• _THE DATA_:
*** Block opens ***

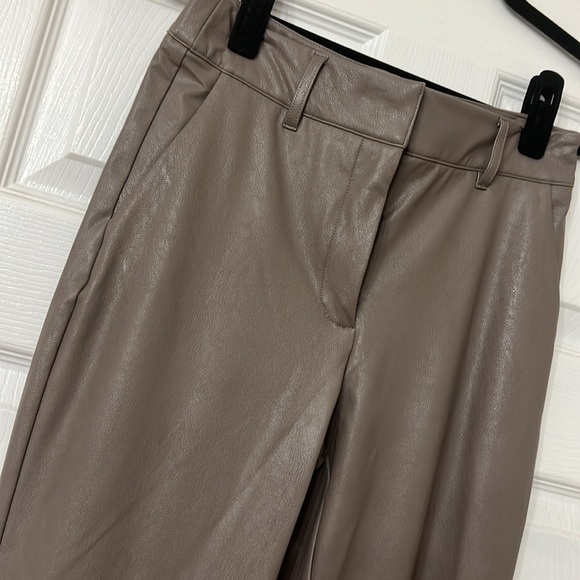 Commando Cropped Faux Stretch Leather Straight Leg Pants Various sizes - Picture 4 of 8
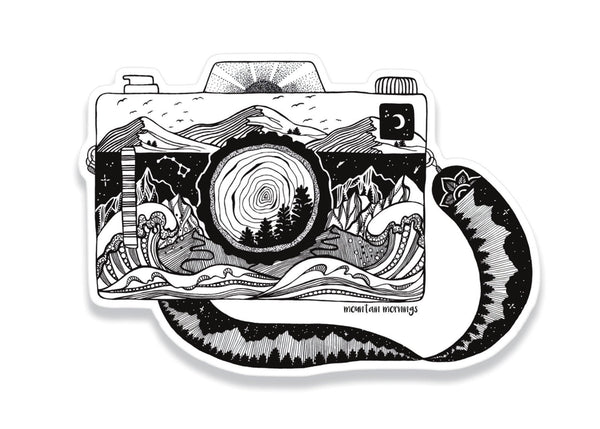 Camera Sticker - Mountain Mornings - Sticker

*** Block closes ***
*** Block opens ***

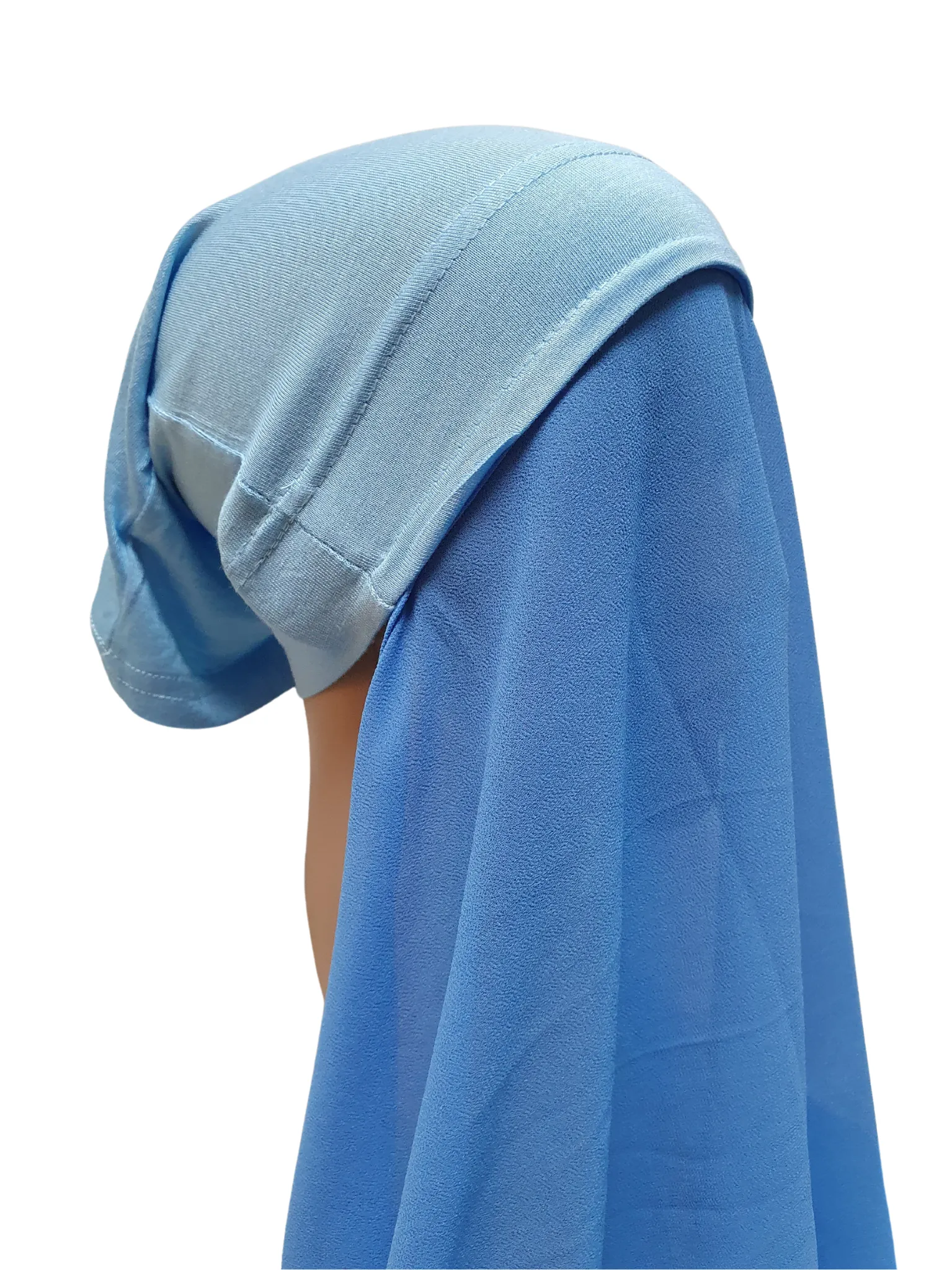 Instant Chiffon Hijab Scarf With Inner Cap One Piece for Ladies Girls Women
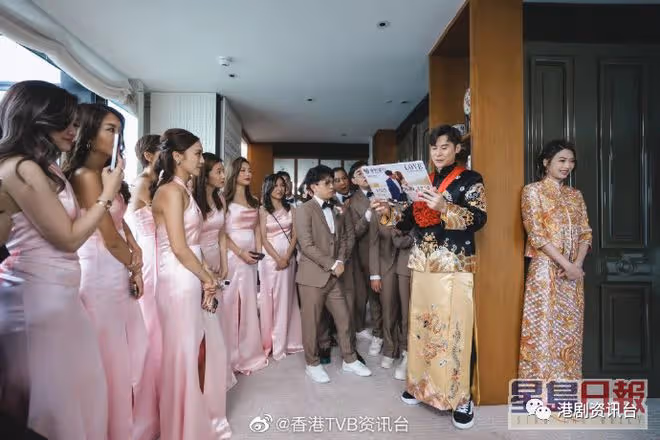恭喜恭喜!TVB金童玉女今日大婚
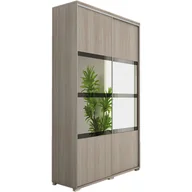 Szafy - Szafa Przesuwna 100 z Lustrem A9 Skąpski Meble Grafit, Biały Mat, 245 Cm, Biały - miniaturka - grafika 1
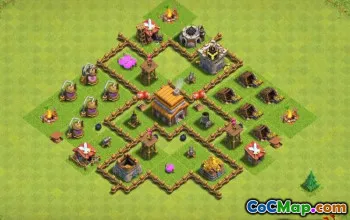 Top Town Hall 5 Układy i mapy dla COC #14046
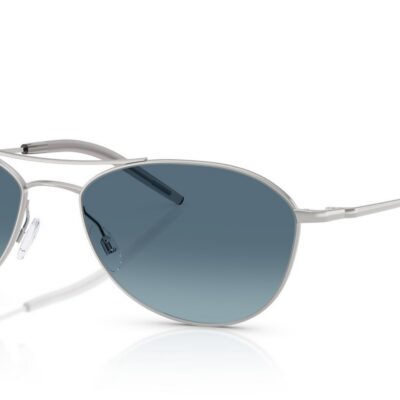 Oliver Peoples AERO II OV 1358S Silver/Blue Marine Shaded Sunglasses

*** Block closes ***
*** Block opens ***

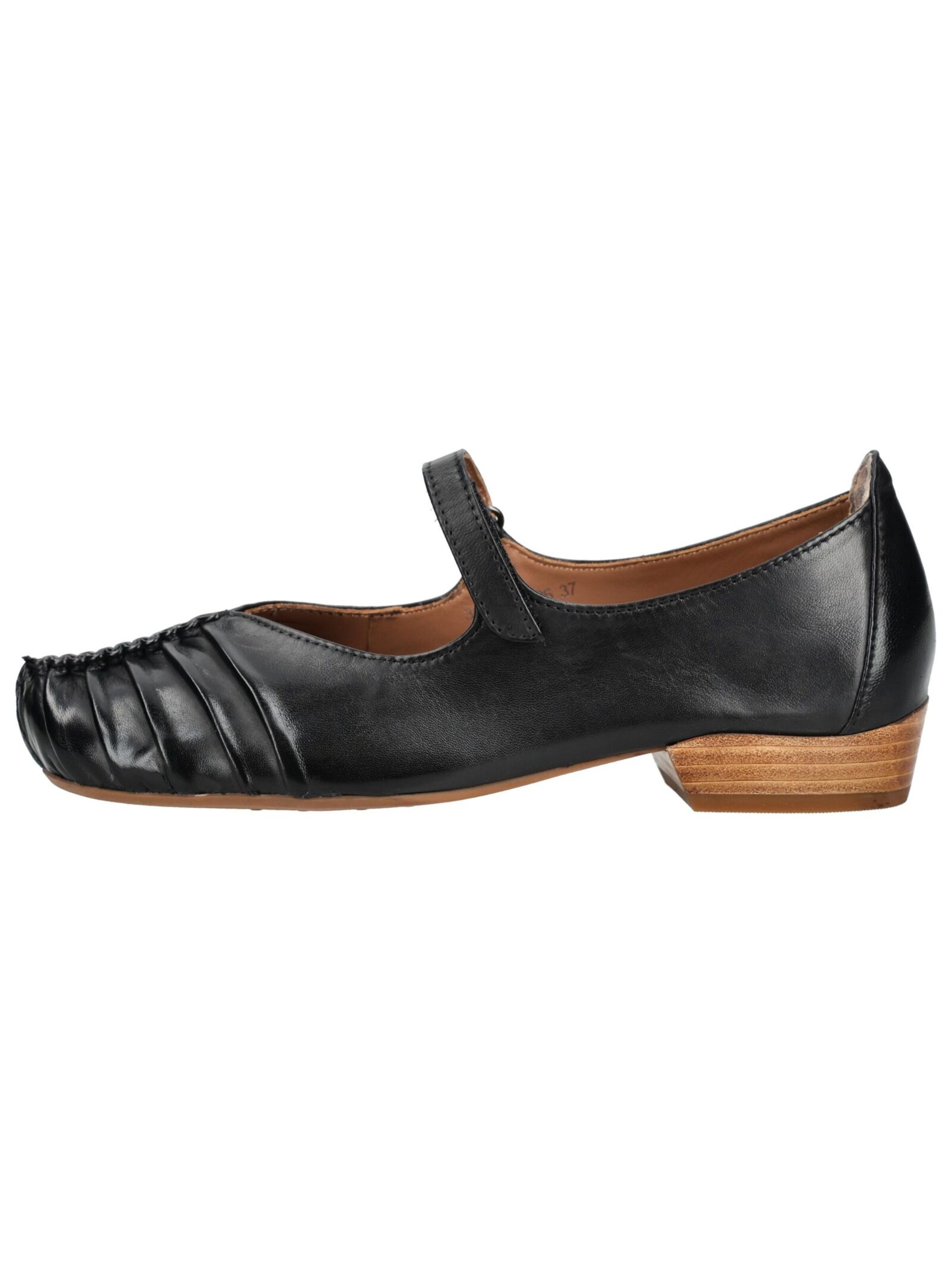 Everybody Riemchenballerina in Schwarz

*** Block closes ***

Reproduce the listing above exactly from the line containing "恭喜恭喜!TVB金童玉女今日大婚" up to and including the line containing "Oliver Peoples AERO", omitting any images and everything outside those lines.

恭喜恭喜!TVB金童玉女今日大婚
 Szafy - Szafa Przesuwna 100 z Lustrem A9 Skąpski Meble Grafit, Biały Mat, 245 Cm, Biały - miniaturka - grafika 1
 Top Town Hall 5 Układy i mapy dla COC #14046
 Oliver Peoples AERO II OV 1358S Silver/Blue Marine Shaded Sunglasses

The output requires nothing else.